The concerns of this column are more than usually nobby today – and you don’t come much nobbier than James Douglas-Hamilton. Younger son of the Duke of Hamilton – to visit whom Rudolf Hess made his ill-fated wartime flight – he was born Lord James Douglas-Hamilton and later became the Earl of Selkirk before renouncing the peerage to remain an MP and thereby protect John Major’s slender Tory majority. A year later, when Major was defeated, the retiring prime minister returned Douglas-Hamilton to the Lords as a life peer. A lucky chap – in other circumstances, he would almost certainly have been removed from the Upper House in Labour’s cull of ‘hereditories’.

All this is amusingly recounted in his recently published memoir, After You, Prime Minister (Stacey International, £14.95), which, besides his political life, also deals with his childhood (a young page at Queen Elizabeth’s Coronation), boxing prowess at Eton College, his success in the Oxford Union while a undergraduate at Balliol and the Hess business mentioned earlier.

As his pal Sir Malcolm Rifkind says in his foreword, he has a habit of landing on his feet.
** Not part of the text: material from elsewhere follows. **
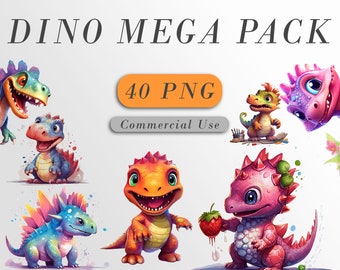 Dinosaurus Clipart| Dino-clipart| Baby Dino-png| Dinosaurussen sublimatiebundel| Decor van het feest van de verjaardag van de dinosaurus| T-Rex, stegosaurus| babyshower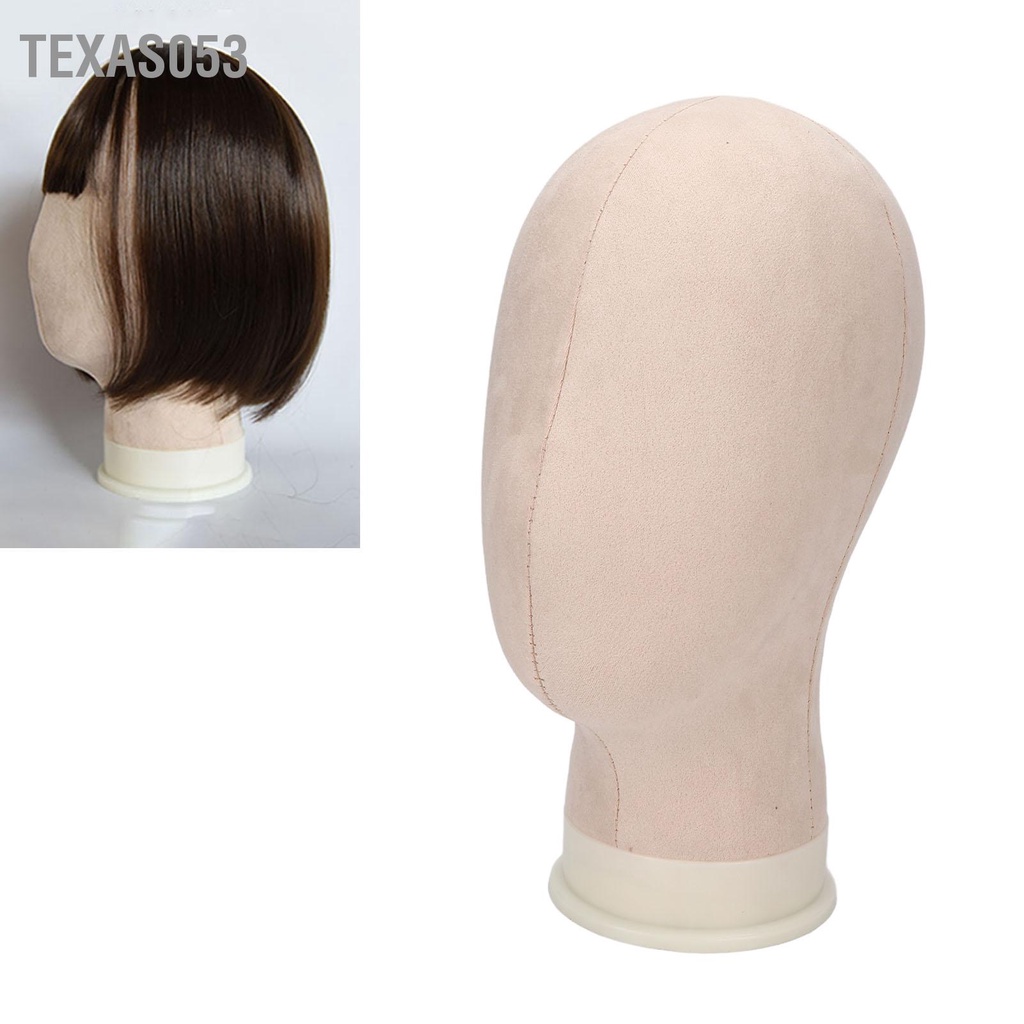 Texas053 Đầu tóc giả bằng vải khối 11 8 inch để làm Mô phỏng đầu ma-nơ-canh có ghim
Description of his successes and the upper-class milieu in which he has always moved does, however, give the book a flavour – rather a welcome flavour, I found – of Mary Dunn’s 1930s comedy classic, the spoof memoir Lady Addle Remembers.

Take, for instance, this passage concerning his mother, a daughter of the Duke of Northumberland, granddaughter of the Duke of Gordon and sister-in-law of the Duke of Sutherland (phew!). On the death of a friend’s mum, Lord S. reports, mater wrote to him to say: “I so much hope that your mother moved and touched and changed your life as my mother did for me.” Years later, the friend told him: “Reading those immensely consoling words, I remembered again all the good my mother had done and was glad.”

Lady A. could not have put it better.

Final point: I notice that early in the book Lord Selkirk uses the word 'toilet' where others of his class would always have said 'lavatory'. Is this once quintessentially Non-U word now OK?